Richman’s work on antitrust issues led him to consider a new health care model. Removing hospitals from the epicenter of the current architecture offers new possibilities to contract with other hospitals, which in turn resolves antitrust problems by stimulating competition. Providers would still be the main organizers and visionaries of health care, but they wouldn’t have to play a role in day-to-day delivery.
“With digital medicine and different kinds of arrangements and relationships, we can think more of a bottom-up approach,” he said, which delivers care to patients in a cost-effective way.
Need for a New Framework
One case that exemplifies how an innovative idea was hampered by our existing health care architecture is the effort to develop an electronic health records system. After 8 years and a massive federal subsidy, an integrated, interoperable system remains elusive. Why? “Hospitals built the electronic health records to duplicate and reinforce the kind of architecture we currently have,” Richman explained.

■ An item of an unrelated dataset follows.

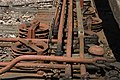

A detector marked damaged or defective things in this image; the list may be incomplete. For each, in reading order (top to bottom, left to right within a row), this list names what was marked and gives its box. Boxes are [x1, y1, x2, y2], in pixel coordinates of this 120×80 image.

rusty pipe [0, 55, 113, 74]
rusty metal rod [0, 55, 113, 74]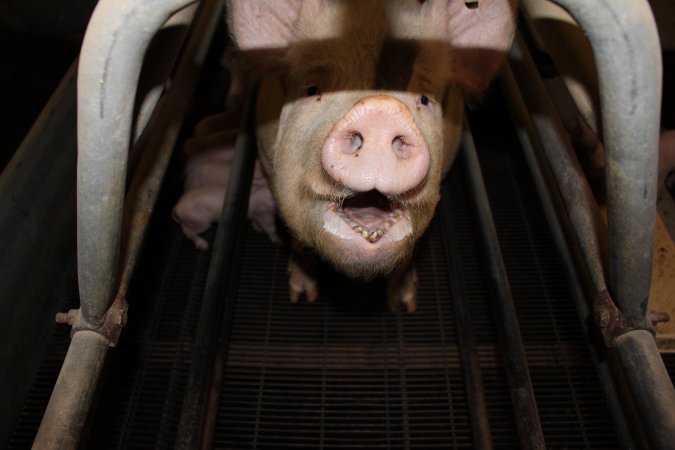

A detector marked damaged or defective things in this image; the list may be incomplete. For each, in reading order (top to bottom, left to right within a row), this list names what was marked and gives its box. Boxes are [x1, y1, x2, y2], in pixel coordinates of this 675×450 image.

Another model, one undertaken by France, instead organizes health care delivery around the patient. There, individual health records are stored electronically on insurance cards, allowing patients to bring their personalized information to any provider.
In the U.S., some tech companies are investing in new patient-centered health services. But can this be done, asked Richman, without constructing a new architecture?
Lessons of a Pandemic
Our relationships with each other, our health providers and digital technology have evolved over the past year due to the Covid-19 pandemic. In March, telemedicine surged 50 percent; by August, these video-calls with doctors rose by 3,500 percent. But the pandemic also illuminated a problematic side of technology—the proliferation of misinformation and conflicting sources of health information.

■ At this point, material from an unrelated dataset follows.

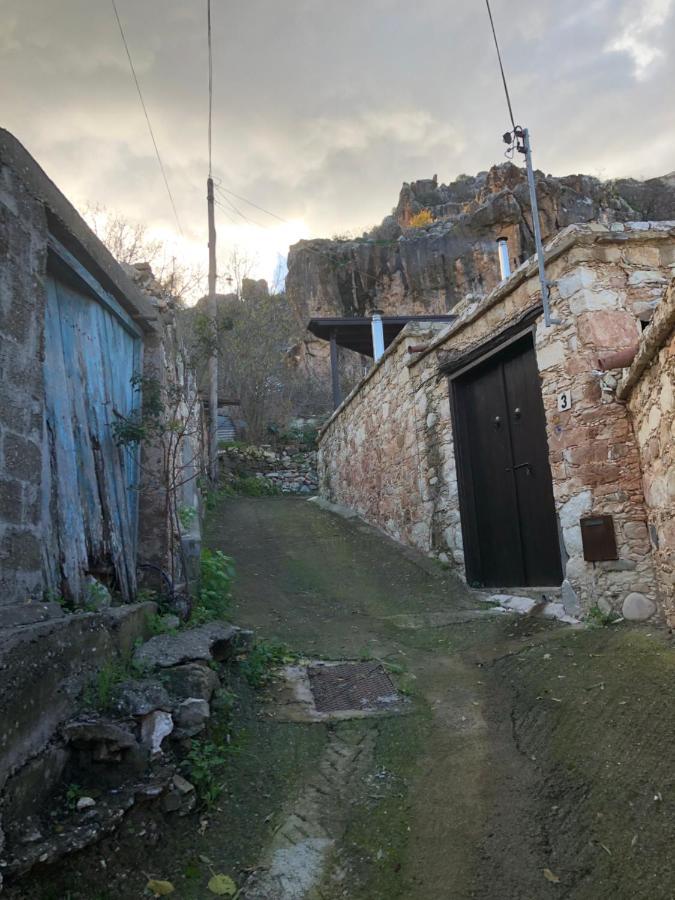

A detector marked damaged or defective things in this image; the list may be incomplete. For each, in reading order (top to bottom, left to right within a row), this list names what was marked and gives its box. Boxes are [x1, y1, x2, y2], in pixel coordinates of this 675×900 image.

blue paint peeling door [43, 255, 143, 604]
broken concrete slab [133, 624, 242, 672]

“We need to shift the source of information…to trusted providers,” said Richman. “The entire information ecosystem really needs to change, and there’s no reason that our providers—who know us and our communities and who we have relationships with—cannot be much more active in disseminating information to us.”
Looking to the Future
Richman envisioned several scenarios within a restructured health sector. With telehealth, a parent with a sick baby could receive care without having to leave the comfort of home. Caring for an aging parent also could be done digitally, suggested Richman. The technology already exists to monitor potential emergency triggers in the caregiver’s absence. A new architecture, he said, could offer safer, more cost-effective independent living.
Another prospective improvement is surgery, such as hip replacement. Local hospitals often charge high prices yet may not even specialize in that area, said Richman. Imagine implementing destination medicine—the potential to shop elsewhere for care—reducing costs by expanding both competition and patient choice.
A new architecture could integrate specialists into primary care, while telemedicine further expands patient choice and the radius of care, since doctors wouldn’t necessarily have to be local. Rather than a hierarchical relationship with doctors, patients could have a more direct relationship, perhaps through a new information ecosystem.
Even though patients might not regularly see doctors physically, Richman said, “We’d have them much more integrated into our daily lives—whether through telemedicine, some kind of digital interface or other information system—having them much more actively engaged in providing us with information and direction.”
During the Q&A, Richman was asked how a new framework might affect vulnerable and marginalized populations. Caring for low-income and other vulnerable populations, who likely suffer from comorbidities, requires an integrated strategy, he said, which individual providers can’t accomplish.
“That only accentuates the need to have a comprehensive approach to delivering care in a different kind of architecture that’s patient-centered,” Richman said. “All of the intersections between the social determinants of health and health care delivery are going to have to be a part of developing this new architecture.”